[squeak-dev] [Vm-dev] [Pharo-dev] Byte & String collection hash performance; a modest proposal for change.
chisvasileandrei at gmail.com
Mon May 1 09:24:57 UTC 2017
On Mon, May 1, 2017 at 9:09 AM, Martin McClure <martin at hand2mouse.com>
> I see no replies to this on any of the three lists it was sent to, so I
> guess I'll chime in.
> Making a primitive for #hashMultiply, probably a good idea, in some
> form, since doing it in Smalltalk is awkward.
> Only hashing every N-th character of large strings, probably a very bad
> idea. Performance might well get worse, the complexity does not seem
> justified, and it would open a sizeable security hole.
> More verbiage below for those interested.
> On 04/18/2017 07:09 PM, Eliot Miranda wrote:
> > Hi All,
> > the hash algorithm used for ByteString in Squeak and Pharo is good
> > for "small" strings and overkill for large strings.
> Why do you say it's overkill for large strings? Are there applications
> with large strings that are being negatively impacted by the current
> algorithm? Which ones, and impacted how?
> > It is important in many applications to get well distributed string
> > hashes, especially over the range of strings that constitute things
> > like method names, URLs, etc. Consequently, the current algorithm
> > includes every character in a string. This works very well for
> > "small" strings and results in very slow hashes (and hence long
> > latencies, because the hash is an uninterruptible primitive) for large
> > strings, where large may be several megabytes.
> A simple solution for the uninterruptable primitive is to not make it a
> primitive. Make #hashMultiply a primitive (since this particular kind of
> numeric modulo computation is really painful in Smalltalk), and do the
> rest in a loop in Smalltalk. It sounds like you've done the
> #hashMultiply primitive already.
> If the overhead of calling a primitive for each character proves to be
> too much, even with the faster primitive calling methodologies you
> talked about in the "Cog Primitive Performance" thread on the Vm-dev
> list, a more complex primitive could take a range of bytes, so large
> strings would be done in batches, solving the latency problem.
> > Let's look at the basic hash algorithm.

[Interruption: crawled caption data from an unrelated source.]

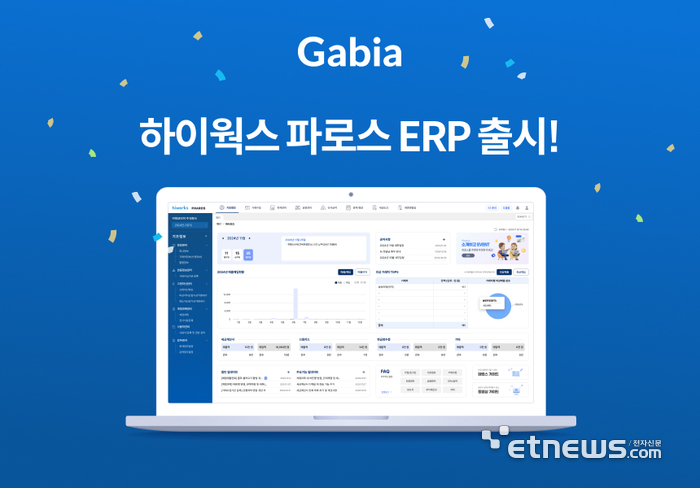“그룹웨어가 ERP 품다”…가비아, 하이웍스 파로스 ERP 출시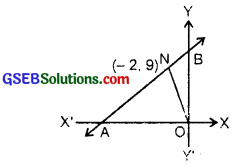 GSEB Solutions Class 11 Maths Chapter 10 Straight Lines Ex 10.2 img 10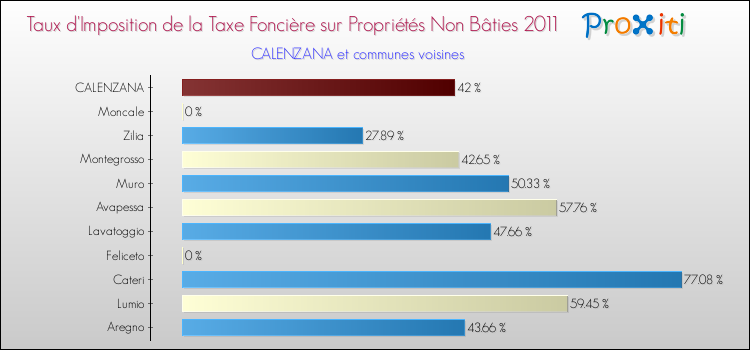 Taux d'imposition de la taxe foncière sur les immeubles et terrains non batis 2011 pour CALENZANA et les communes proches Comparaison des taux d'imposition de la taxe foncière sur les immeubles et terrains non batis 2011 pour CALENZANA et les communes voisines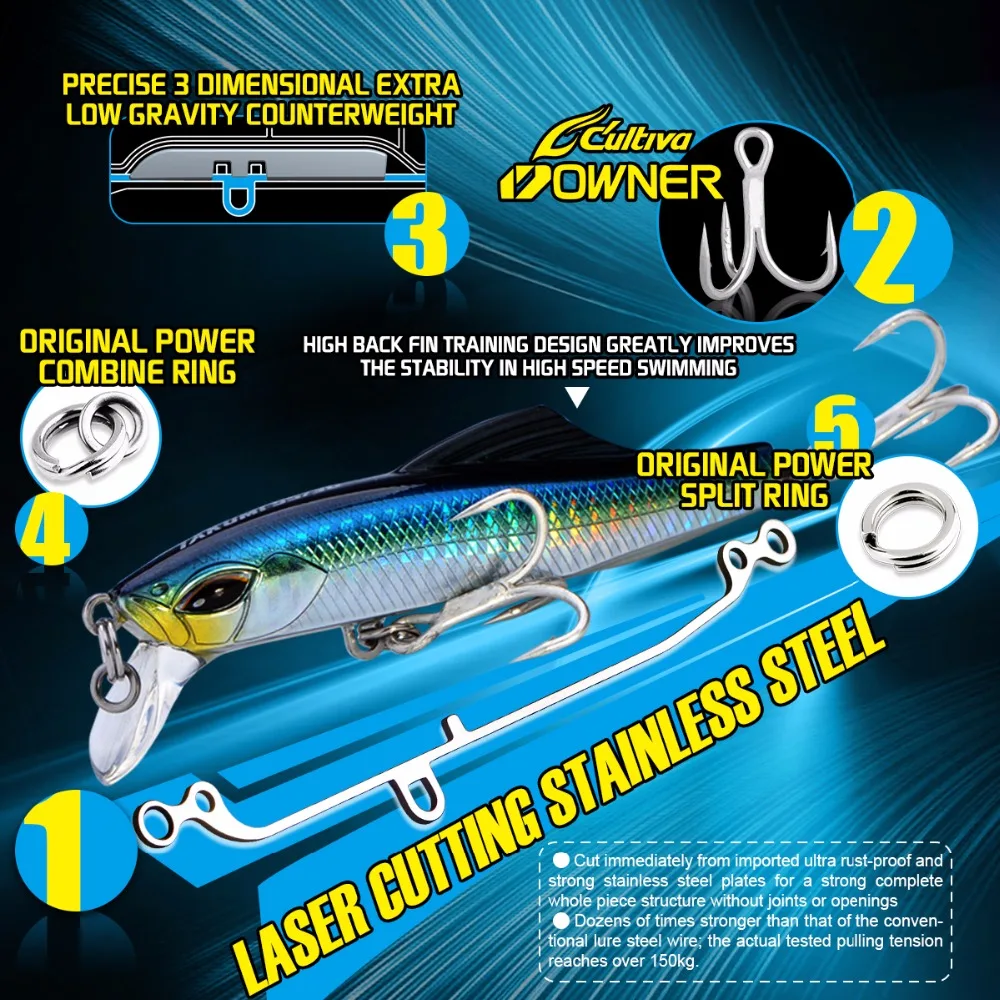 Señuelo de pesca de pececillos que se hunde, cebo Artificial duro, láser, ojos 3D, Wobblers, Wobble, pececillos, 95MM, 40G - imagen 2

> > In looking at this I've added a primitive for hashMultiply; primitive
> > #159 implements precisely self * 1664525 bitAnd: 16r0FFFFFFF for
> > SmallInteger and LargePositiveInteger receivers, as fast as possible
> > in the Cog JIT. With this machinery in place it's instructive to
> > compare the cost of the primitive against the non-primitive Smalltalk
> > code.
> > First let me introduce a set of replacement hash functions, newHashN.
> > These hash all characters in strings up to a certain size, and then no
> > more than that number for larger strings. Here are newHash64 and
> > newHash2048, which use pure Smalltalk, including an inlined
> > hashMultiply written to avoid SmallInteger overflow. Also measured
> > are the obvious variants newHash128, newHash256, newHash512 &
> > So the idea here is to step through the string by 1 for strings sizes
> > up to N - 1, and by greater than 1 for strings of size >= N, limiting
> > the maximum number of characters sampled to between N // 2 and N - 1.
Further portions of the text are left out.